*** Data records Section Begins ***

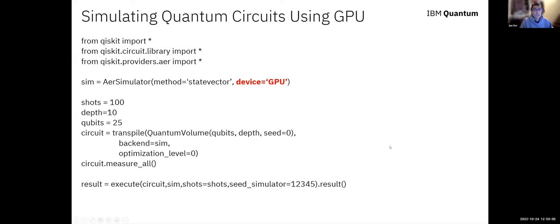To run Qiskit Aer with GPU support, in your script simply add the option device equals GPU. The simulation will then run on the GPU. This is a simple example to run the quantum volume circuit using the state vector method with GPU — it's very straightforward.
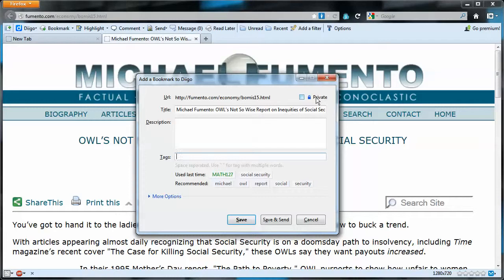One thing to point out quickly is that it's possible to make this bookmark private. If you don't check this option it's going to be public, and that's fine — I want it to be public because I'm going to want my students to look at this later.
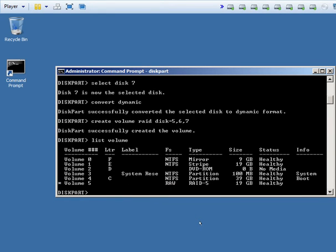You'll notice we have volume 5 with a file system of RAW with a type of RAID 5. It also has an asterisk next to it to show that it is the current selected volume.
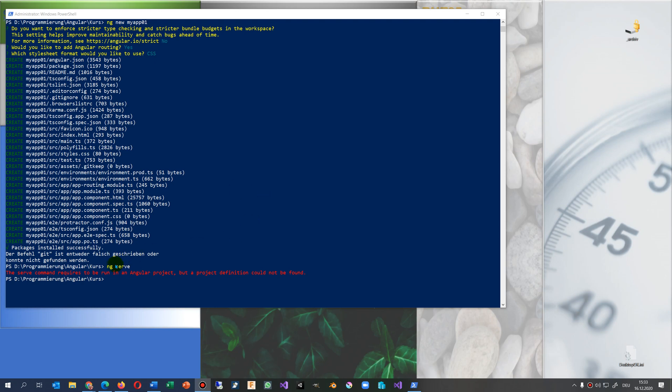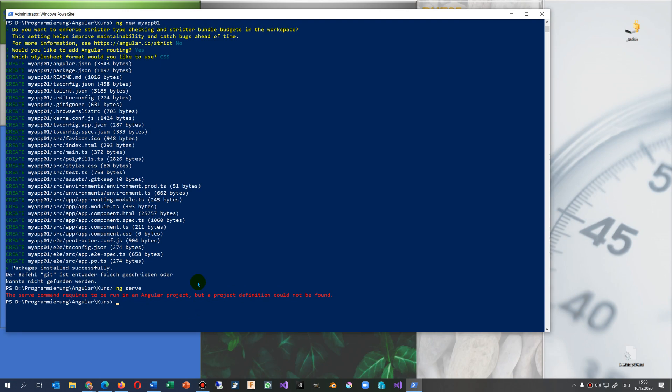This video solves the problem if you create an Angular application and get an error when you type in ng serve and then you get the error: the serve command requires to be run in an Angular project, but a project definition is not found. So this is clear, there is no project definition.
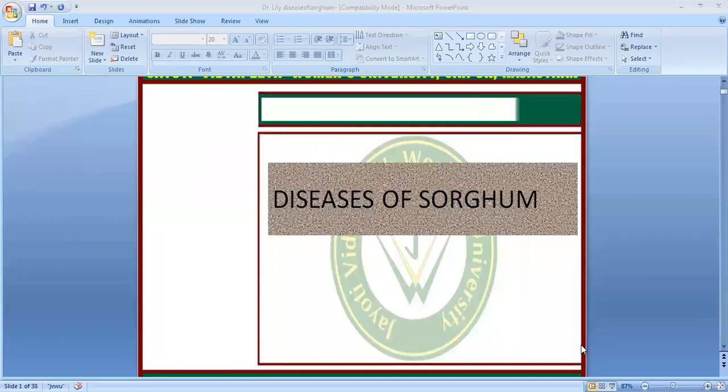Namaste. I am Shaktusha Bhatia. I am joined by Dr. Nidhi Seriabhi and today I am going to discuss with you diseases of Sorghum. Now let's start with diseases of Sorghum.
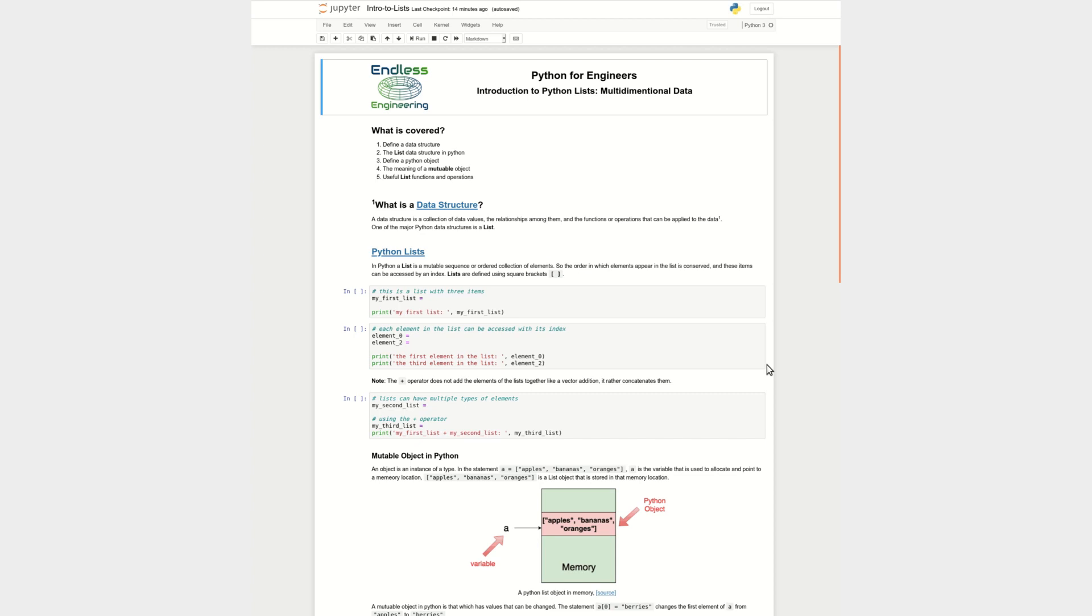Hello everyone and welcome to this video of the series Python for Engineers on introduction to lists or in other words multi-dimensional data.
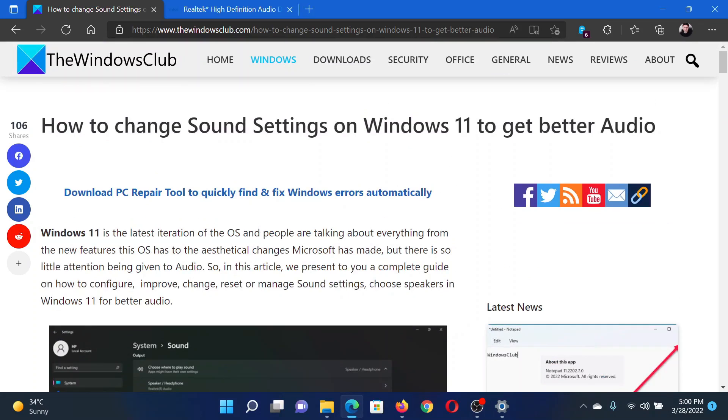If you have any doubts, please go to the original article on The Windows Club, scroll down to the comment section, and write your query. We will surely answer it. Do not forget to subscribe to the channel. Thank you for watching this video and have a nice day.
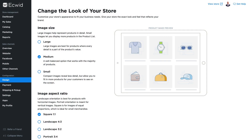One of the really great things about Ecwid is the amount of flexibility you have in presenting your products to your customers. I'm here under configuration on the design tab and in this video we're going to take a look at how to change the look of your store.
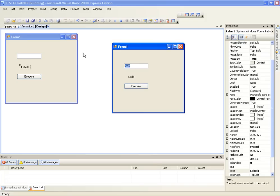That is because the if statement said if the text inside textbox1 is hello then label1.text is going to change to world.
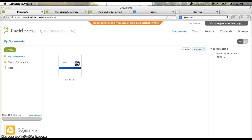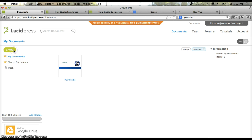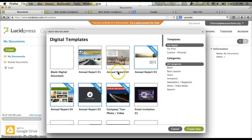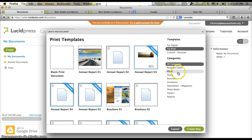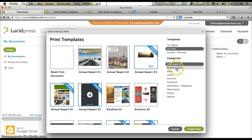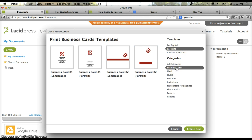Okay, so this tutorial is going to be on creating the business card. You're going to click Create, you're going to click New Document, then you're going to do for Print, and then you're going to do a Business Card.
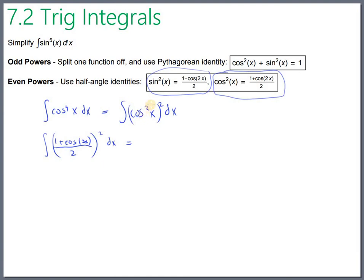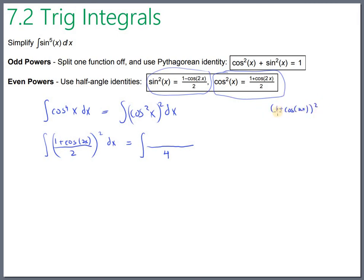This section is nice because there's always a recommended technique, even if there's a lot of crunching to work it out. Squaring the fraction: the bottom gives 4, and squaring the top requires FOIL on (one plus cosine 2x) squared, giving one plus two cosine of 2x plus cosine squared of 2x dx.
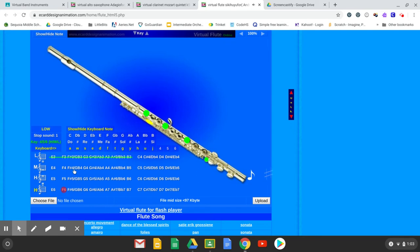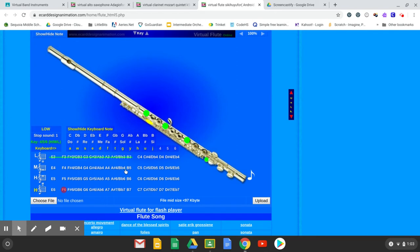F sharp, G flat - where it says GB, that's G flat. F sharp or G flat, there's your Gs, G sharp or A flat, your As, A sharp or B flat, Bs, Cs, C sharp or D flat, D, D sharp or E flat for each octave. Simply click on the note.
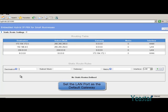In the destination, fill in 0.0.0.0 and the subnet mask the same, indicating all external IP addresses. In gateway, fill in this.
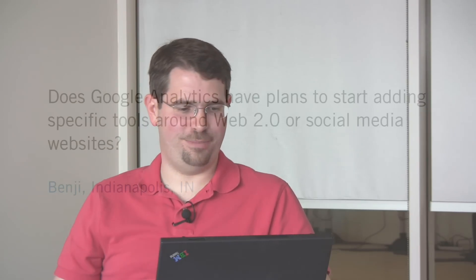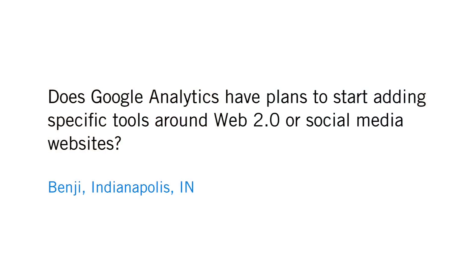We have a question from Indianapolis, Indiana. Go Hoosiers. Benji says, does Google Analytics have plans to start adding specific tools around Web 2.0 or other social media websites?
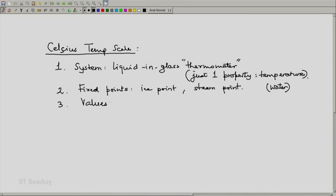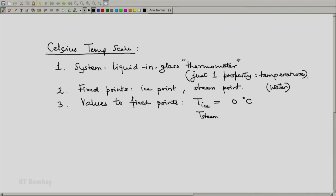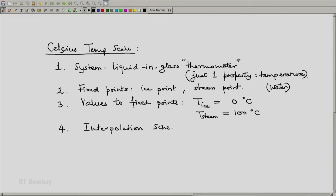Then, we assigned arbitrary values to fixed points. For example, we said the ice point temperature, let it be 0 on our Celsius scale, and let the steam point temperature be 100 on our Celsius scale. And finally, to determine the temperature of a system, if the temperature lies between 0°C and 100°C, we had an interpolation law or an interpolation scheme — a relation or an equation.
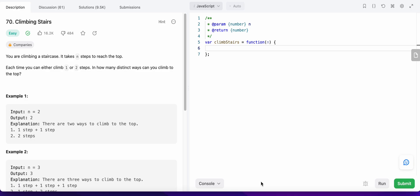Hello friends, today I'm going to solve LeetCode problem number 70, Climbing Stairs. In this problem, we are given the value n, which is the number of stairs in the staircase. Each time we could either climb one step or two steps, and we need to find how many distinct ways we can climb to the top of that staircase.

*** Data records Section Ends ***

▶ _What you have to do_
Copy out the listing above from the line containing "Namaste. I am" to the line containing "If you have", both included, exactly as written and minus the images.

▶ _Exercise result_
Namaste. I am Shaktusha Bhatia. I am joined by Dr. Nidhi Seriabhi and today I am going to discuss with you diseases of Sorghum. Now let's start with diseases of Sorghum.
Hello everyone and welcome to this video of the series Python for Engineers on introduction to lists or in other words multi-dimensional data.
If you have any doubts, please go to the original article on The Windows Club, scroll down to the comment section, and write your query. We will surely answer it. Do not forget to subscribe to the channel. Thank you for watching this video and have a nice day.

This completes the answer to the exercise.